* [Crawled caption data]
━━━━━━━━━━━━━━━━

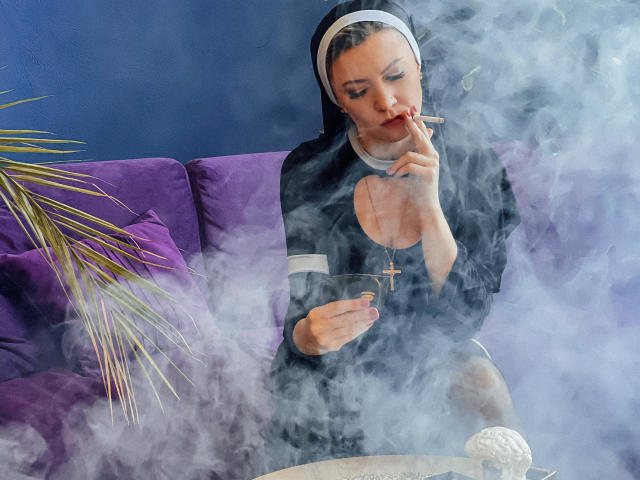 ParadiseRoxanne, eine Nonne mit einem schwarzen Habit und einer Kreuzkette, raucht einen Joint, umgeben von weißem Rauch, sitzend auf einem violetten Sofa und haltend eine Glaspfeife..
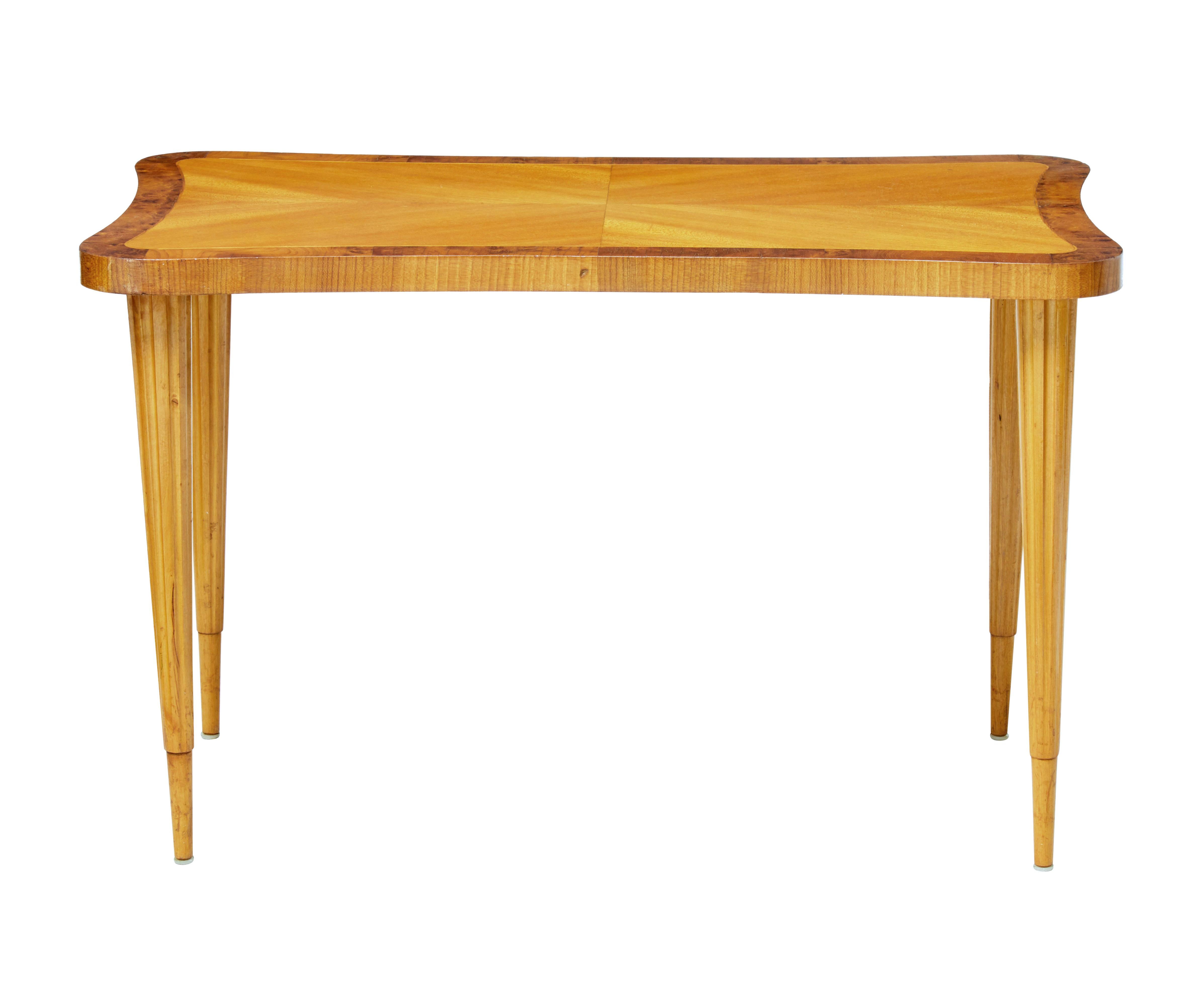 Mid-20th century Scandinavian birch shaped coffee table, circa 1950.

Unusual concave shaped sides. Quarter veneer birch top with bur walnut around the outer edge.

Standing on 4 fluted tapering legs.

Minor surface marks.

━━━━━━━━━━━━━━━━

Beginning at the line containing "Standing on 4 fluted tapering legs.", repeat each line exactly through the last line of the entries, and include no other lines.

* [EXERCISE RESPONSE]
Standing on 4 fluted tapering legs.

Minor surface marks.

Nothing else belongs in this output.